Presentation
Acute onset abdominal pain, nausea, vomiting, constipation.
Patient Data
Spiraling of sigmoid mesocolon with herniation of midsigmoid colon loop and mesentery into the distal sigmoid colon with a heterogeneously-enhancing poorly-defined mass lesion seen in the intussuscipiens. Surrounding four to five round sigmoid mesocolon enhancing subcentimetric lymph nodes seen. Loaded proximal entire large bowel with fecalization of contents in the terminal ileum. No features of bowel ischemia. Mesenteric vessels are patent. Incidental note of low density right adrenal nodule, most likely adenoma.
Case Discussion
The most common site of intussusception is ileocolic and colocolic, typically identified in the pediatric population. It is rare in adults, especially unusual in the left colon.
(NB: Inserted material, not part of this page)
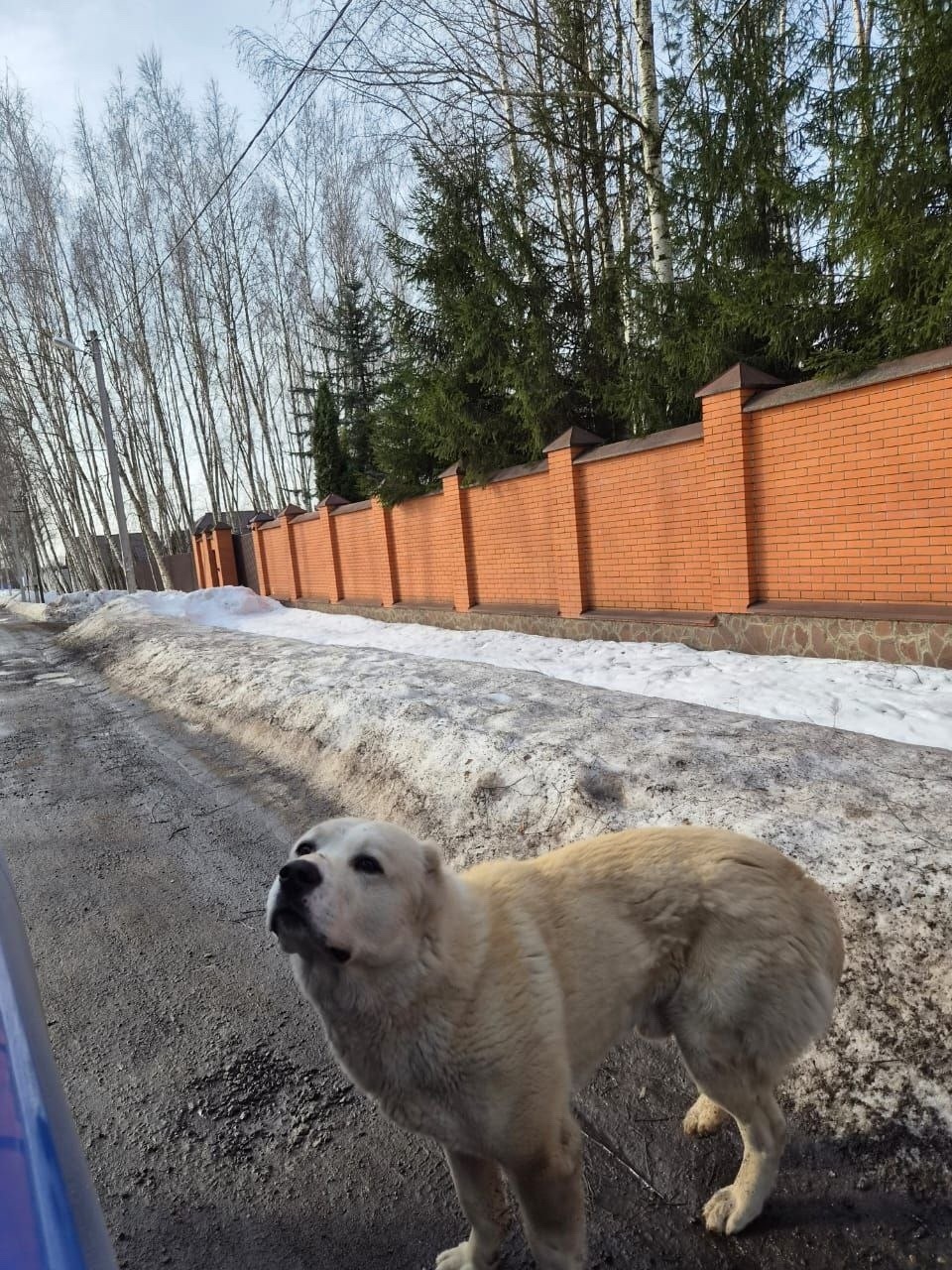 Пропала собака в Раменском — фото объявления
When it does happen, it is usually secondary to a bowel lipoma, neoplasm, or a nodal mass which acts as a lead point facilitating intussusception. Patients tend to present with severe abdominal pain and frank obstruction with bilious vomiting. In this case, a clinical mass was felt in the left iliac fossa and per rectal examination was negative. This needs immediate referral to a physician for reduction to prevent bowel ischemia, followed by a sigmoidoscopy for histopathological correlation.